Tuttavia, è in gioco un’idea ancora più grande, potenzialmente: un cambiamento significativo nell’ordine economico globale, in cui nuovi attori e nuove forme di moneta iniziano ad assumere un ruolo sempre più importante. E come questo si concili con quanto disposto dal Presidente finora, con l’idea di un ‘dollar first’ che faccia ‘di nuovo grande l’America’, rimane di difficile esecuzione. Perché il dollaro è sotto attacco da anni. Soprattutto negli ultimi tempi i BRICS, con Russia e Cina in testa, stanno faticosamente cercando di costruire un nuovo sistema monetario ‘dollar free’: il trono del dollaro sta scricchiolandoogni giorno di più.
L’equilibrio del potere si sta gradualmente spostando dagli Stati alle società che detengono le criptovalute, alle Borse su cui le criptovalute vengono scambiate e ai proprietari dei fondi di criptovaluta: questo potrebbe essere un momento di svolta. Se gli Stati Uniti, un’altra potenza economica di primo piano (come la Cina) o una serie di grandi economie emergenti (come il resto dei BRICS) diventassero detentori di bitcoin o di altre importanti criptovalute, si potrebbe scatenare una ‘corsa agli armamenti’ delle criptovalute su scala globale. In questo modo, un Paese dopo l’altro si precipiterebbe a rafforzare le proprie riserve.

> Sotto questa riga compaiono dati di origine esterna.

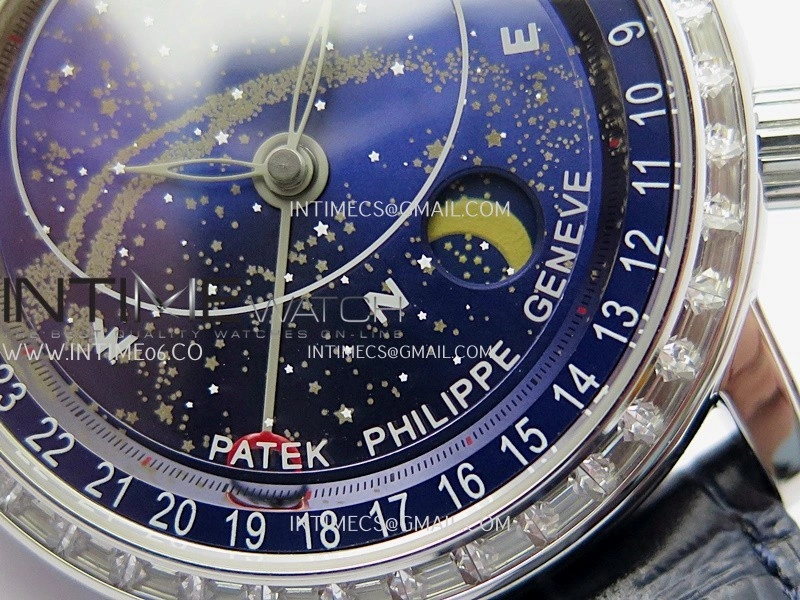 Grand Complications 6102G Moon SS T Crystal YF Blue Dial on Blue Leather Strap A240
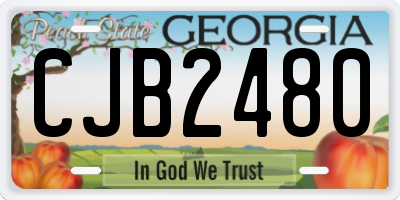 GA license plate CJB2480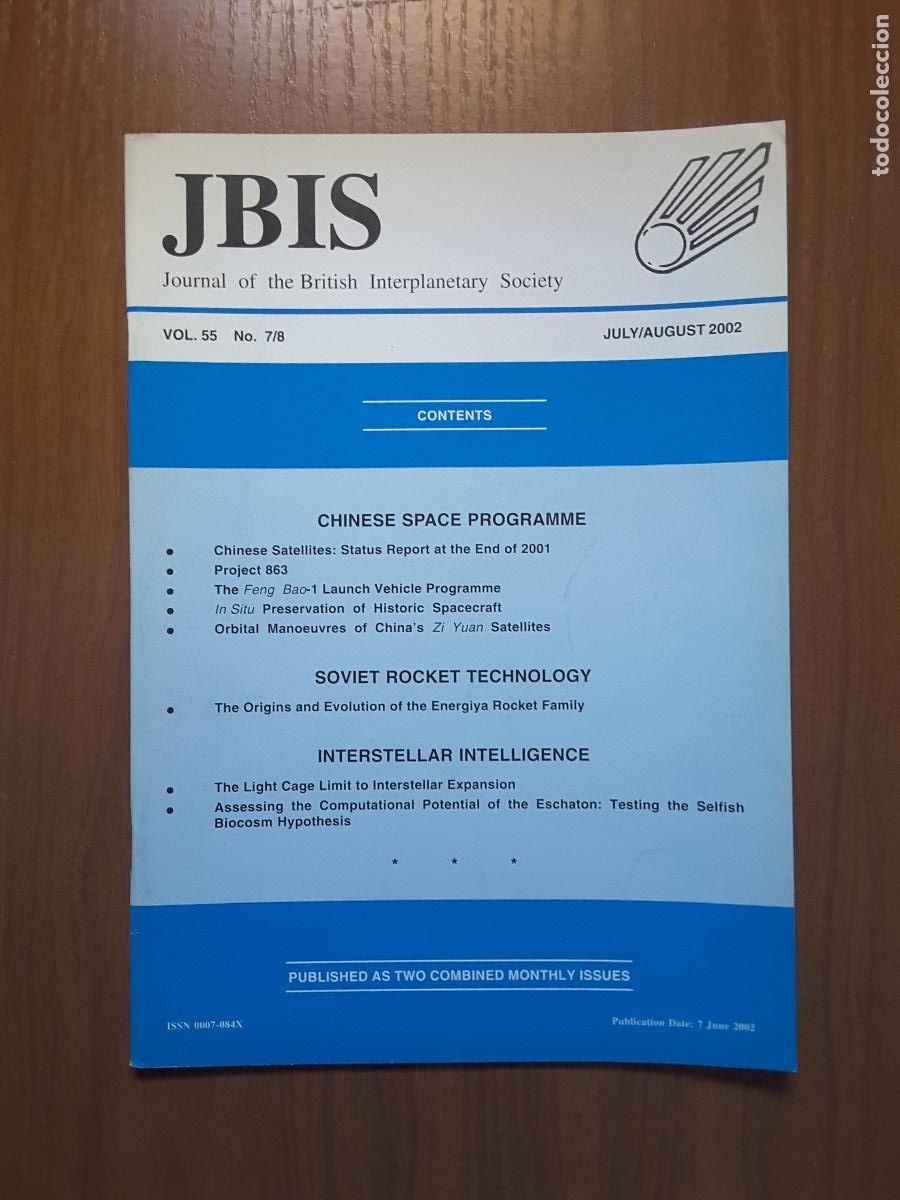 Coleccionismo de revistas y peri&oacute;dicos: Journal of the British Interplanetary Society Vol. 55, No. 7/8 - Chinese Space Programme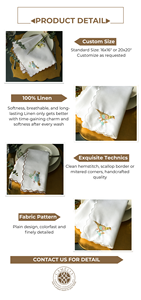 Delicado bordado de codornices sobre lino natural suave, duradero y refinado, perfecto para mesas de comedor elegantes, bodas - Product Image 3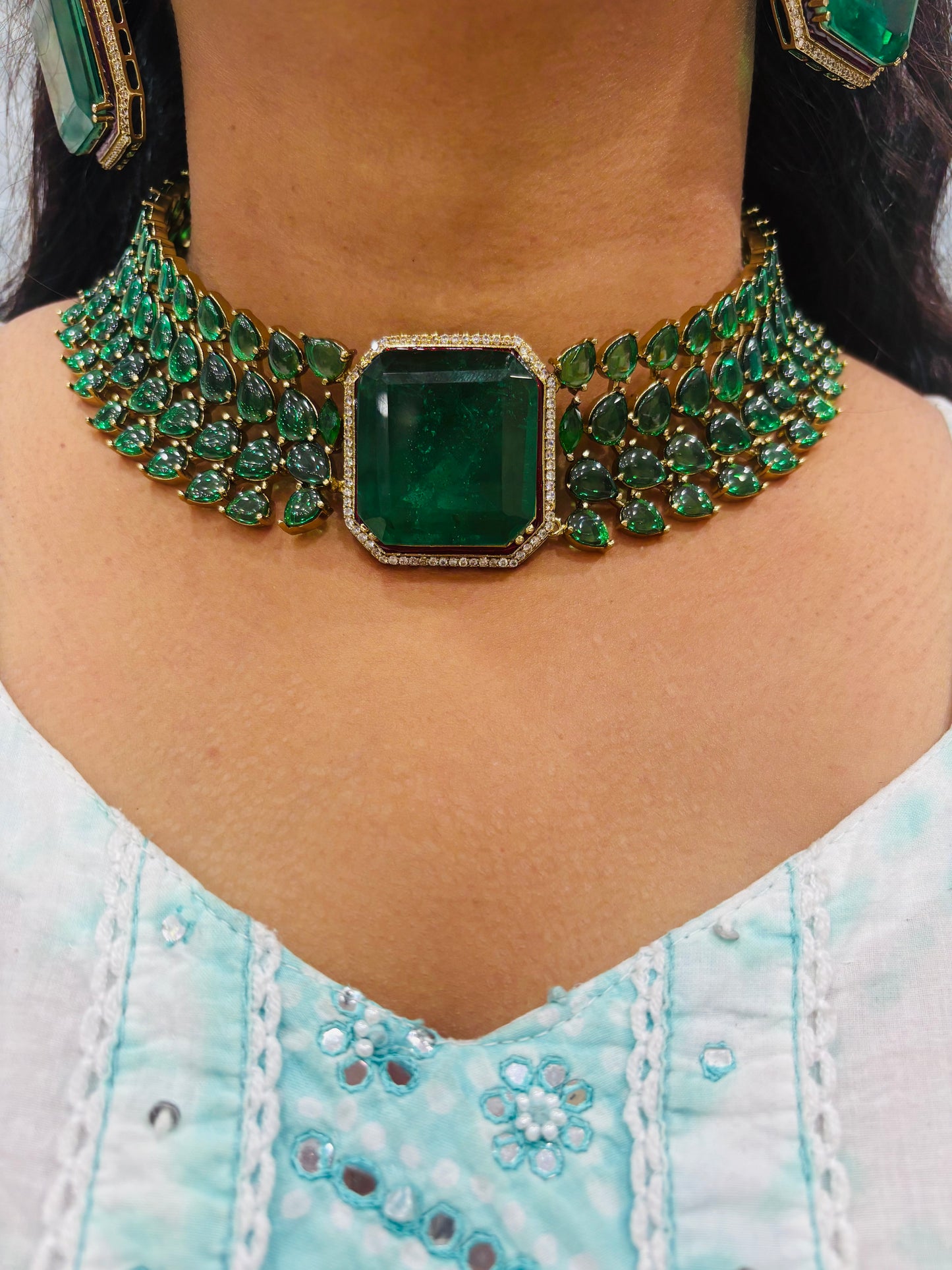 Rukmini Emerald Choker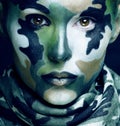Beautiful young fashion woman with military style clothing and face paint make-up, khaki colors, halloween celebration Royalty Free Stock Photo
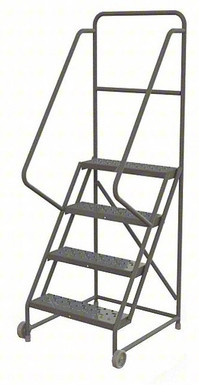 4-Step Tilt and Roll Industrial and Warehouse Steel Ladder With Perforated Tread, 24" Wide Steps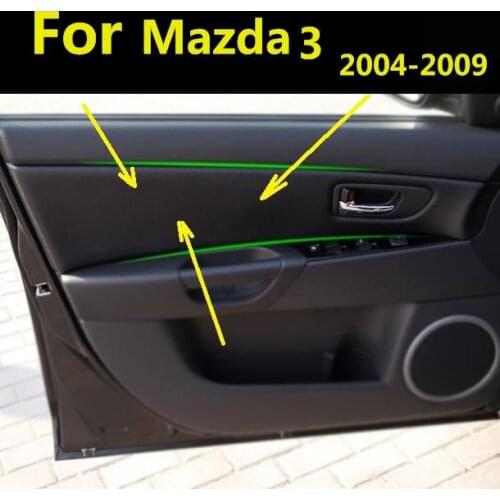 4PCS Microfiber Front/Rear Door Panel Leather Cover Protective Trim For Mazda 3 (2004- 2009 )with Mount Fittings car interior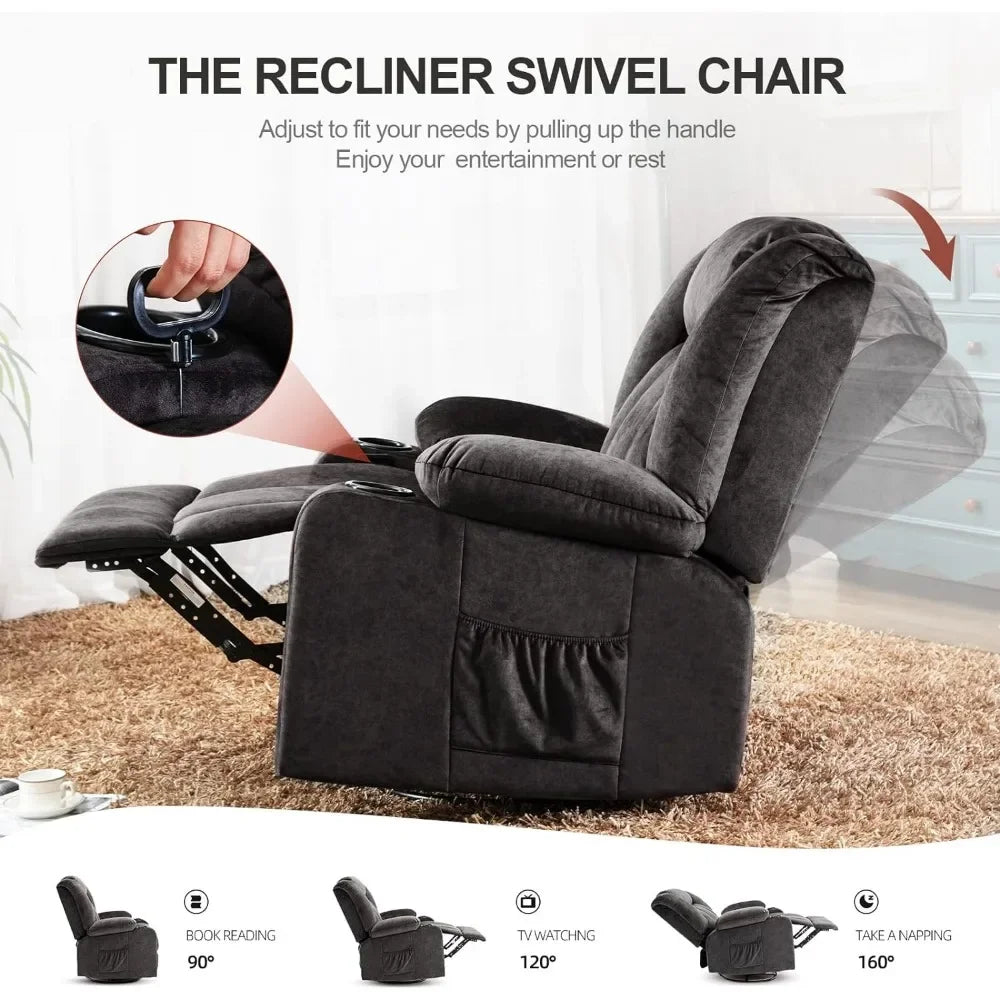 Recliner Chair Massage Rocker w/Heated 360 Degree Swivel Lazy Boy/Single Seat w/Cup Holder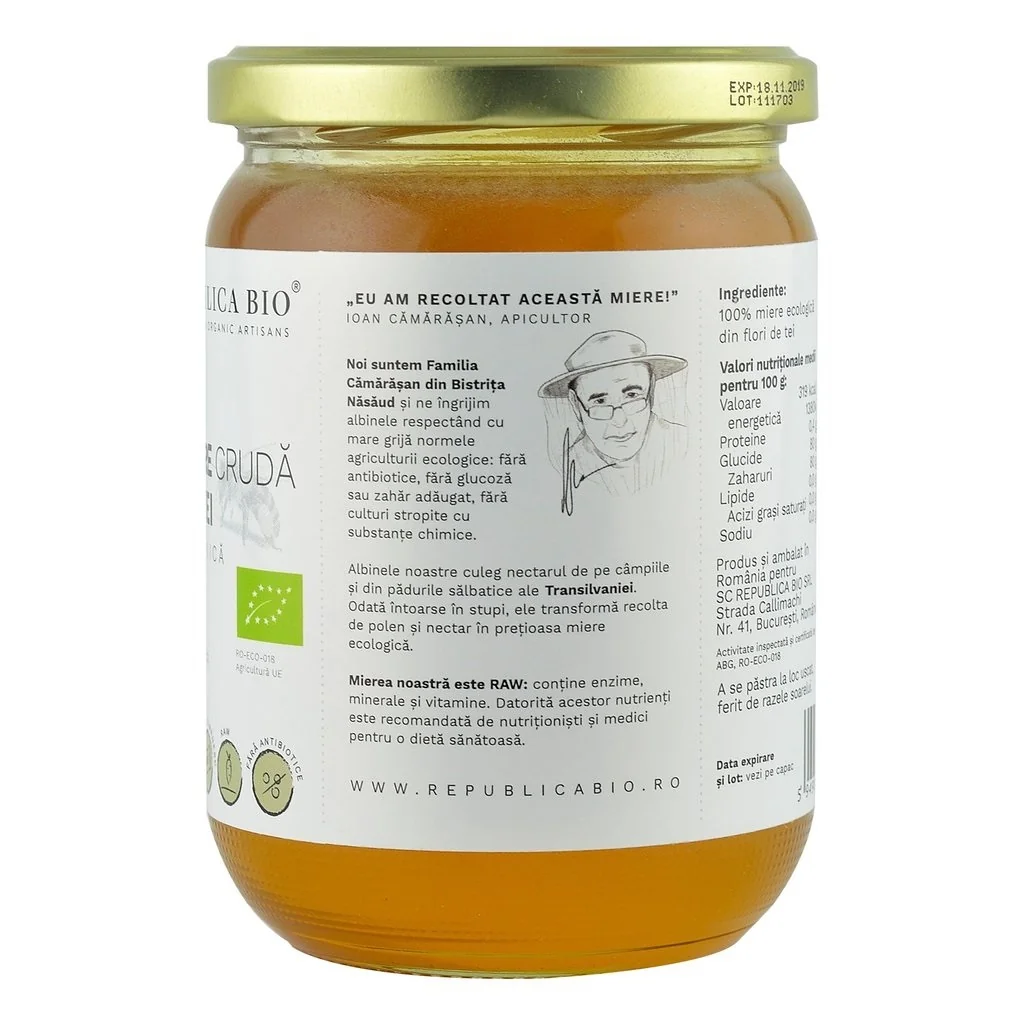 Miere de tei ecologica cruda, 700g, Republica Bio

Attualmente gli USA detengono circa 21 miliardi di dollari in criptovalute: nulla rispetto agli oltre 36 mila miliardi di debito pubblico statunitense, ma queste tendenze hanno il potenziale per rimodellare l’ordine economico globale, incorporando le crypto e il potere infrastrutturale degli attori privati in un regno tradizionalmente dominato dai maggiori Stati e dalle loro valute nazionali. Le ambizioni di Trump per una SBR sottolineano il ruolo crescente delle criptovalute nell’economia mondiale. Ma questi cambiamenti nell’ordine globale sono già in corso, indipendentemente dalla realizzazione dei piani del nuovo presidente per il bitcoin.
Resta da vedere se non si riveleranno un incubo alla fine, per i paesi dell’Occidente.